Alexandra auf der ALPIN Facebook-Seite

Es nervt einfach nur noch, über Luxusprobleme zu diskutieren oder jeden kleinen unwichtigen Mist in Frage gestellt zu bekommen. Ist die Zeit und Energie null wert.
Wer sich an den Kreuzen stört, besucht halt einfach nur Hügel ohne Kreuz oder bleibt unten und spendet Geld und Diskussionszeit/energie an die Tafel, arme Kinder, Forschung zur Anpassung an das Klima etc.
Es gibt so viele Kreuze, die richtig schön sind und mit Mühe auf den Gipfel geschleppt wurden. Es ist auch oft ein schönes Fotomotiv, statt nur blanker Fels. Wir sind doch wirklich alle erwachsen genug, Gipfelkreuze unabhängig von Religion zu betrachten.

Gertrude auf der ALPIN Facebook-Seite

Es gibt anscheinend Menschen, die nichts Besseres zu tun haben, als durch irgendeine, plötzlich in den Raum gestellte Behauptung, alles schlecht zu machen und damit andere regelrecht zu terrorisieren. So ist es mit unserer Sprache, der Tracht, den Gipfelkreuzen etc. Eine traurige Zeit.

Regina auf der ALPIN Facebook-Seite

Also ich habe mit Gott, Religion und Kirche nix am Hut, aber in den Gipfelkreuzen habe ich auch nie das christliche Symbol gesehen, weiß auch nicht warum. Aber ich finde ein Gipfelkreuz wichtig, als Symbol, das den Gipfel markiert, könnte auch etwas anderes sein. Wäre irgendwie schade drum.

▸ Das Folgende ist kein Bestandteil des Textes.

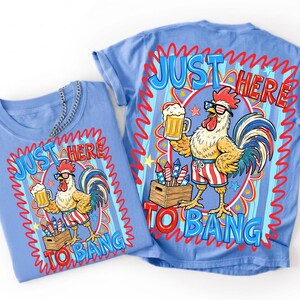 May include: Two light blue t-shirts with a rooster graphic. The rooster wears sunglasses and striped shorts, holding a beer and standing near a crate of fireworks. Text reads "JUST HERE TO BANG" in red and blue.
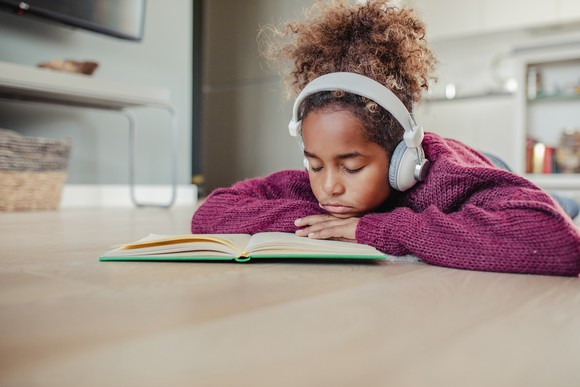 Young person frowning over a book, wearing headphones.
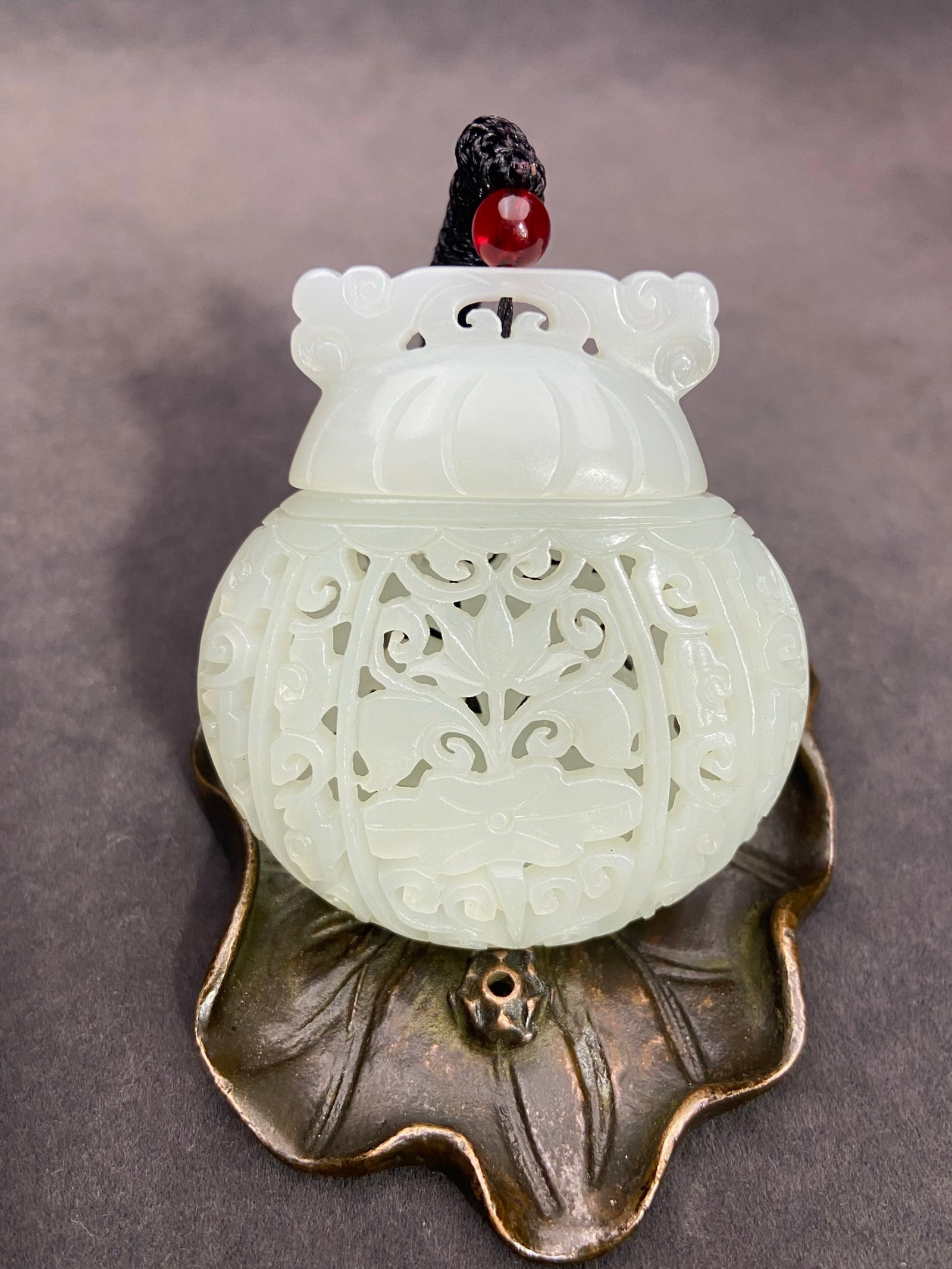 An Exquisite White Jade Hollow Lotus Pattern Pendant: An Exquisite White Jade Hollow Lotus Pattern Pendant,Qing Dynasty,China,Size:56.5mmx50.6mmx16.5mm,Weight:39g 白玉镂空莲花纹挂件,中国&#
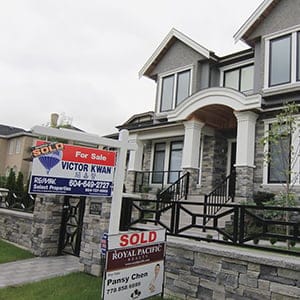 Realtors' signs are hung outside a newly sold property in a Vancouver neighborhood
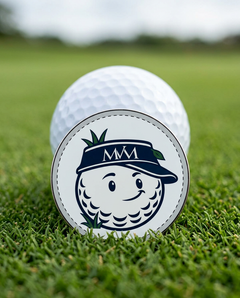 Rough Day golf ball marker in navy and cream print on a putting green next to a golf ball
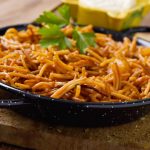Closeup of a spanish fideua, a typical noodles casserole with seafood, in a paella pan and aioli sauce in a yellow mortar on a rustic wooden table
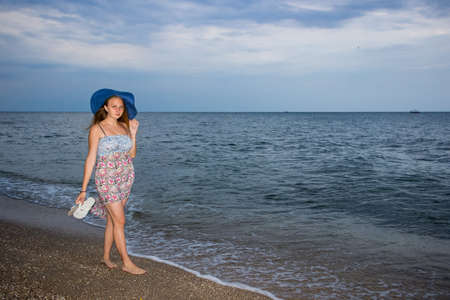 a young girl in the evening on the seashore in a sundress and with a hat, sunset, blue sky, clouds, calm, surf, sand, empty beach, wildの写真素材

Günther auf der ALPIN Facebook-Seite

Gipfelkreuze sind einfach etwas schönes und sie zeigen den Erfolg einer Besteigung in schöner Weise an. Alle Gipfelkreuze müssen bleiben und es ist irrsinnig, das überhaupt anzusprechen, ob sie stehen bleien sollen... Sie müssen stehen bleiben...!

Angela auf der ALPIN Facebook-Seite

Ich bin weit davon entfernt, religiös zu sein - aber für mich gehört auf den Gipfel ein Kreuz.

Tina auf der ALPIN Facebook-Seite

Natürlich Gipfelkreuz....muss man jetzt jedes bisschen Geschichte versuchen umzuschreiben?

Tatjana auf der ALPIN Facebook-Seite

Gipfelkreuze gehören zu unseren christlichen Kultur. Auch wenn viele Menschen nichts mehr mit christlichen Glauben zu tun haben. Ganz klar, pro Gipfelkreuz!!